The two ways you can be charged for power
Almost every electricity plan uses one of two structures for your usage. A single-rate (also called flat-rate or anytime) tariff charges the same price per kWh no matter when you use it — 2pm on a Tuesday costs the same as 2am on a Sunday. It is simple and predictable.
A time-of-use (TOU) tariff splits the day into periods and charges a different rate for each. Peak is the expensive window (typically weekday late afternoon and evening, when the grid is busiest), off-peak is the cheapest (usually overnight), and shoulder covers the times in between. The exact hours are set by your local network, not just your retailer, so they vary by state and area.
Which one is cheaper for you?
There is no universal winner — it depends entirely on when you use power. Time-of-use rewards households that can shift big loads into the off-peak window. If you run the dishwasher and washing machine overnight, charge an EV after midnight, heat water on a timer, or have a home battery, TOU can be meaningfully cheaper because a large share of your kWh land in the cheapest period.
Single-rate usually wins for households whose usage clusters in the peak window and cannot easily move — for example, someone home all afternoon running heating or cooling, with no way to shift that load. On a TOU plan those same kWh would be charged at the highest rate, wiping out any off-peak savings.
The catch is that you often cannot know just by reading the rates. The peak rate on a TOU plan can be much higher than a flat rate, while the off-peak rate is much lower. Whether the trade nets out cheaper depends on the exact split of your kWh across the day — something you cannot eyeball from a summary bill.
How to compare them properly
- Check which tariff you are on now — it is printed on your bill, and your meter type partly determines what you are eligible for (TOU generally needs a smart meter).

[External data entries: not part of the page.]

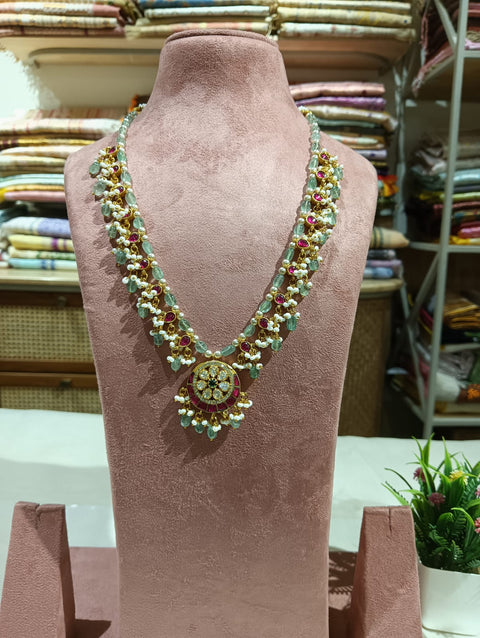 NECK SET
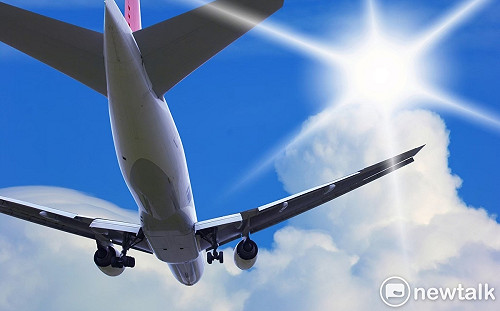 搭飛機吸電子菸代價曝光！「干擾飛航」判罰3萬元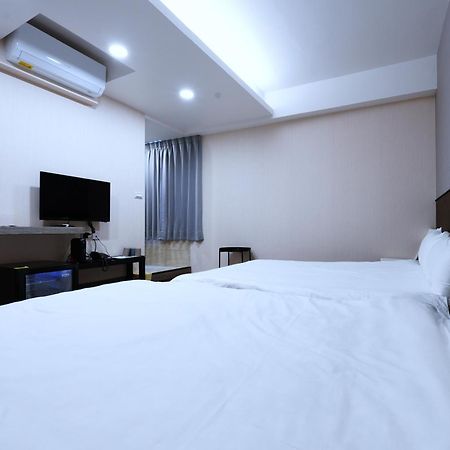 可青大飯店grand Ke-Cing Hotel Yilan Exterior photo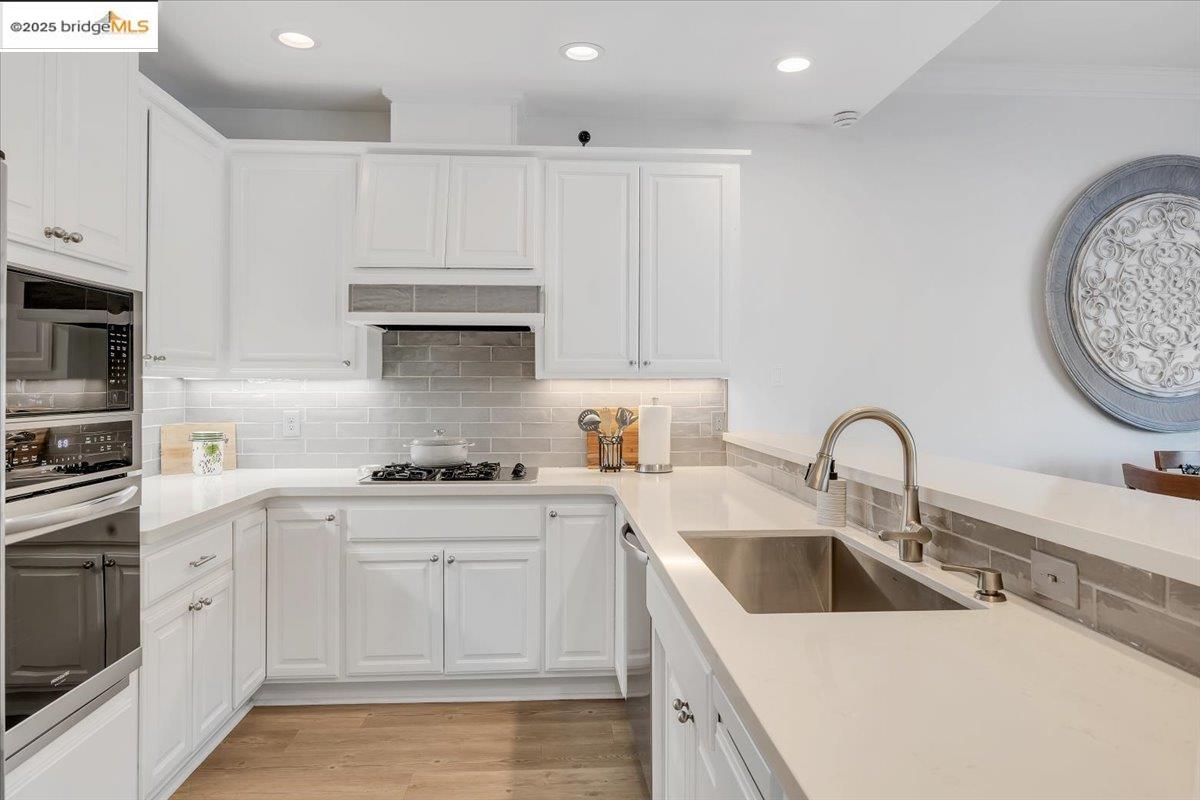 Detail Gallery Image 21 of 60 For 1031 Shoreline Dr. #8,  Copperopolis,  CA 95228 - 3 Beds | 2 Baths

- Get a sense of when you use power. A smart meter records interval data; some retailers show a usage-by-time breakdown in their app or portal.
- Do not compare on headline rates alone. Cost the same usage against both structures — the only way to see which is actually cheaper for your pattern.
- Upload a recent bill to EnergySorted so both tariff types are costed on your real peak, shoulder and off-peak split at once, across every retailer, not just the two your current retailer offers.
Key terms
- Peak
- The most expensive TOU period, usually weekday late afternoon and evening when grid demand is highest.
- Off-peak
- The cheapest period, typically overnight and sometimes weekends — the window to shift big loads into.
- Shoulder
- The middle-priced period that fills the gaps between peak and off-peak.
- Smart meter
- A digital meter that records usage in intervals, making time-of-use billing possible. Being rolled out across most of the NEM.
- Load shifting
- Deliberately running appliances during cheaper periods — the behaviour that makes TOU pay off.